III. THE SPIRIT OF ADOPTION (ROMANS 8:15)

  1. The Spirit of adoption is the Holy Spirit, who indwells each and every child of God. If you are saved, you have the Holy Spirit.
  2. We did receive the spirit of bondage before we were saved (8:15). We were judged and condemned and cursed by the law. But now that we are saved by the grace of God, the spirit of bondage has gone, and we have the spirit of adoption, which is the spirit of freedom.
  3. The chief mark of our adoption and full-grown sonship is being "led by the Spirit of God" (Romans 8:14, 15).
  4. Being "led by the Spirit of God" implies a conscious response on our part to the teaching and guidance of the Holy Spirit. That is why the Holy Spirit is referred to as "the Spirit of adoption" in Romans 8:15.
  5. In Galatians 4:6, the Holy Spirit is called "the Spirit of his Son."
  6. Galatians 4:6 says, "And because ye are sons, God hath sent forth the Spirit of his Son into your hearts, crying, Abba, Father."
  7. Spurgeon said, "Note, that it does not say into your heads or your brains.
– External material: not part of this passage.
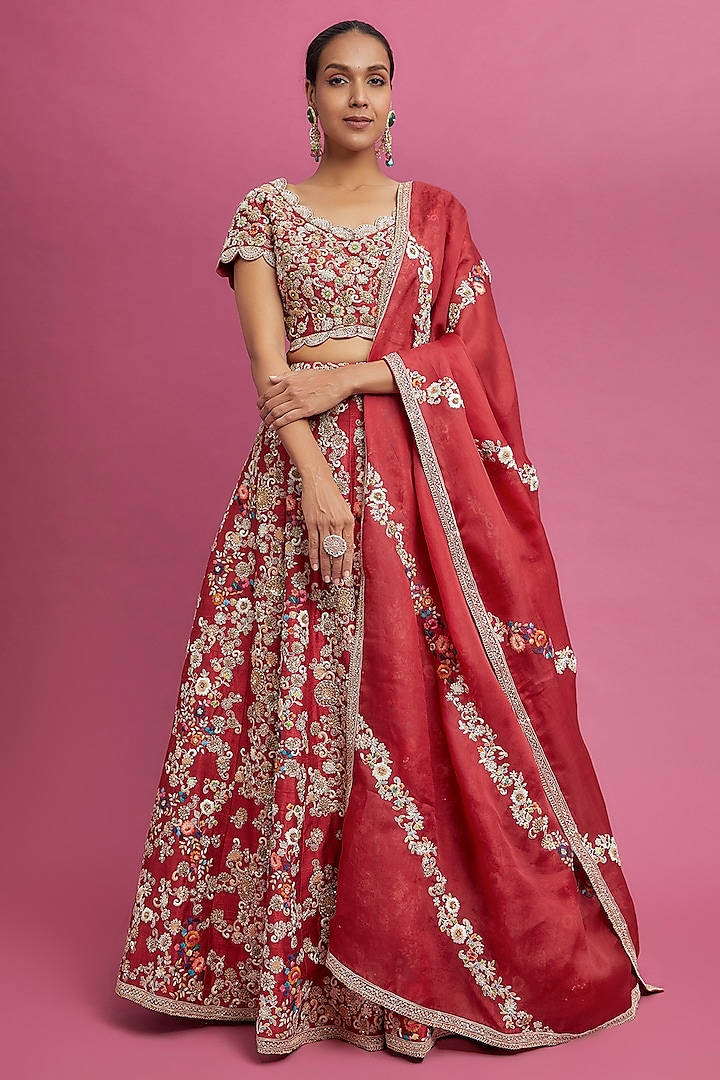 Red Dupion Dori Work Bridal Lehenga Set by Petticoat Lane at Pernia's Pop Up Shop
The Spirit of God doubtless illuminates the intellect and guides the judgment, but this is not the commencement nor the main part of his work. He comes chiefly to the affections, he dwells with the heart, for with the heart man believeth unto righteousness, and 'God hath sent forth the Spirit of his Son into your hearts.' Now, the heart is the centre of our being, and therefore doth the Holy Ghost occupy this place of vantage. He comes into the central fortress and universal citadel of our nature, and thus takes possession of the whole. The heart is the vital part; we speak of it as the chief residence of life, and therefore the Holy Ghost enters it, and as the living God dwells in the living heart, taking possession of the very core and marrow of our being. It is from the heart and through the heart that life is diffused. The blood is sent even to the extremities of the body by the pulsings of the heart, and when the Spirit of God takes possession of the affections, he operates upon every power, and faculty, and member of our entire manhood. Out of the heart are the issues of life, and from the affections sanctified by the Holy Ghost all other faculties and powers receive renewal, illumination, sanctification, strengthening, and ultimate perfection" ("Adoption -- the Spirit and the Cry").
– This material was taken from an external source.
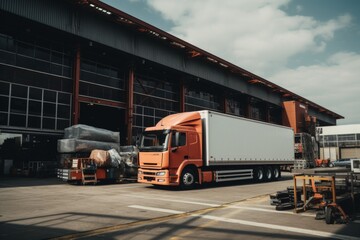 Fototapeta premium Commercial truck next to a warehouse and pallets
  8. Romans 5:5 says, "The love of God is shed abroad in our hearts by the Holy Ghost which is given unto us." Any professed Christian who is unloving, unkind, unforgiving, unfriendly, or bitter, needs to be filled with the Holy Spirit.
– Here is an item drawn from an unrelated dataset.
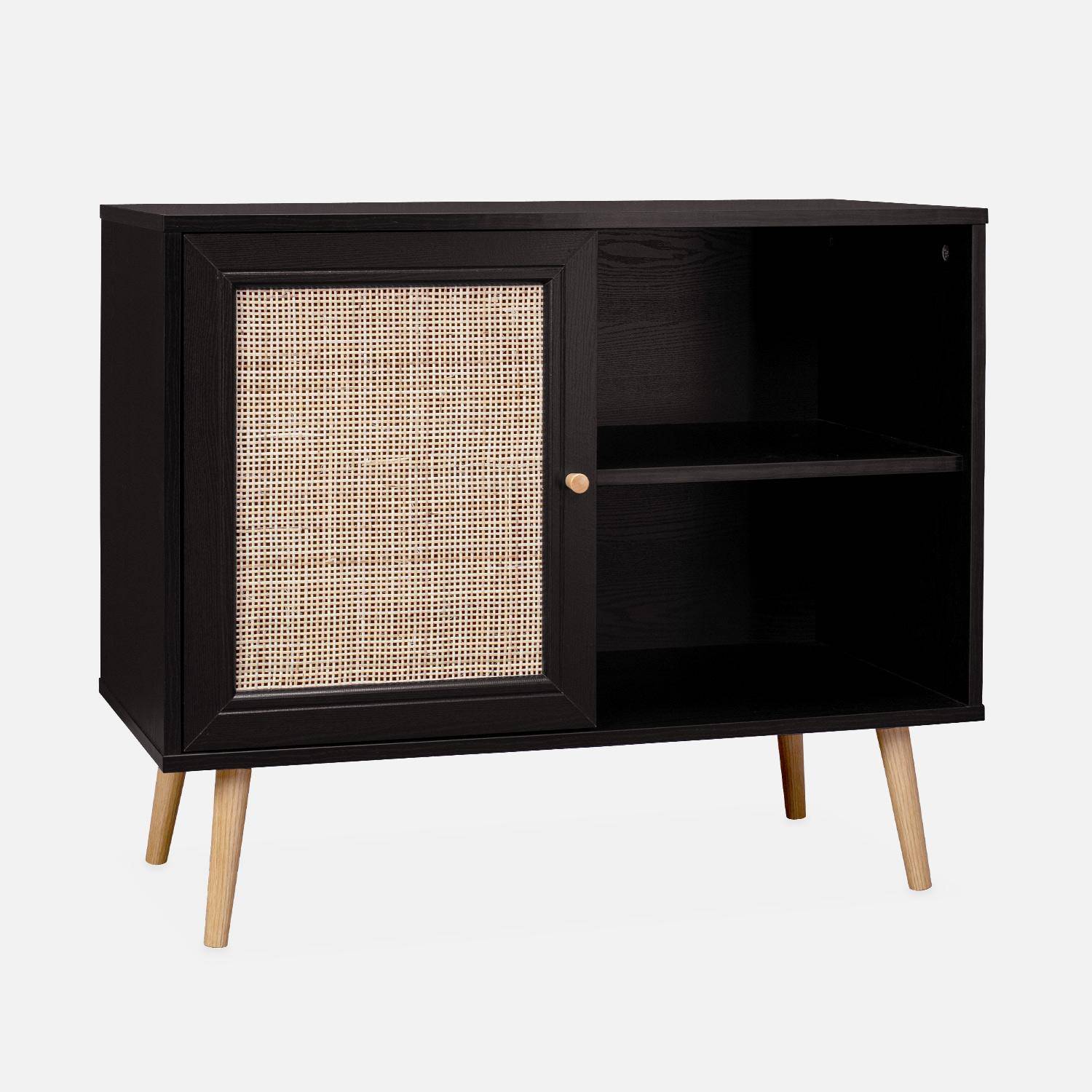 Wooden and cane rattan detail storage cabinet with 2 shelves, 1 cupboard, Scandi-style legs, 80x39x65.8cm - Boheme - Black,sweeek,Photo2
  9. But before a person is filled, he first needs to be regenerated by the Holy Spirit. Sinners need to be saved "by the washing of regeneration, and renewing of the Holy Ghost" (Titus 3:5).

 

CONCLUSION:


  1. Pastor W.A. Criswell said something that I find very interesting, "I am told that by law you can disinherit a natural-born son; but by law you can never disinherit an adopted son. I presume the reason that lies back of that is there could be a possibility of a man adopting a son, get angry at him, disinherit him, then adopt him again, and then get angry with him, and disinherit him, and then adopt him and disinherit him. No such thing as that is possible by law. Once you adopt the child, he is your child forever; you cannot un-adopt him, disinherit him. And you know that is a great reflection of a doctrine that you and I believe God has promised to us. There's no such thing as being saved and then unsaved, and then saved and then unsaved, and then saved and then unsaved, and back and forth, back and forth. If you are ever really saved, your name's written in the Lamb's Book of Life; you're saved forever. If you are adopted, you are adopted forever; and if you are saved, you are saved forever. He has adopted us as sons of God" ("Adopted into the Family of God").
  2. That is something wonderful to consider -- If you are adopted, you are adopted forever; and if you are saved, you are saved forever. You are part of God's family -- forever.
  3. If you have been born again, you can never be "unborn again."
  4. Jesus said, "Ye must be born again" (John 3:7), but He never said, "Ye must be born again and again and again."
  5. If you are saved today you have been sealed by the Holy Spirit, and that seal can never be broken.